> [Exercise] Look below for the line containing "Ficha: Planta Alternanthera" and the line containing "Wetterprognose Ostern 2026"; repeat exactly those two lines and all lines between them, and nothing else.

> [Data records]
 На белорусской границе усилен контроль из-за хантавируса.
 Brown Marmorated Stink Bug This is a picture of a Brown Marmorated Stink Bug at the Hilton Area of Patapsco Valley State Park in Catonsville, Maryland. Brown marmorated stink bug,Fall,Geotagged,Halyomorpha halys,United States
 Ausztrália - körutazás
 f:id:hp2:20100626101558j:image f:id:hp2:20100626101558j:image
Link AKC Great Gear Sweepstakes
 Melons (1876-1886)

--

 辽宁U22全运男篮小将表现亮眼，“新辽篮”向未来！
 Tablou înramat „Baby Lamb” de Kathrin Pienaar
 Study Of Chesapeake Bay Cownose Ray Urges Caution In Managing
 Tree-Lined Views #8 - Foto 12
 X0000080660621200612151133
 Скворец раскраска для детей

...

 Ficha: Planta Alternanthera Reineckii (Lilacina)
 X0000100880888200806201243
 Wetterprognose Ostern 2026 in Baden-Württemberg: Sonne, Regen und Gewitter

> [Response to this exercise]
 Ficha: Planta Alternanthera Reineckii (Lilacina)
 X0000100880888200806201243
 Wetterprognose Ostern 2026 in Baden-Württemberg: Sonne, Regen und Gewitter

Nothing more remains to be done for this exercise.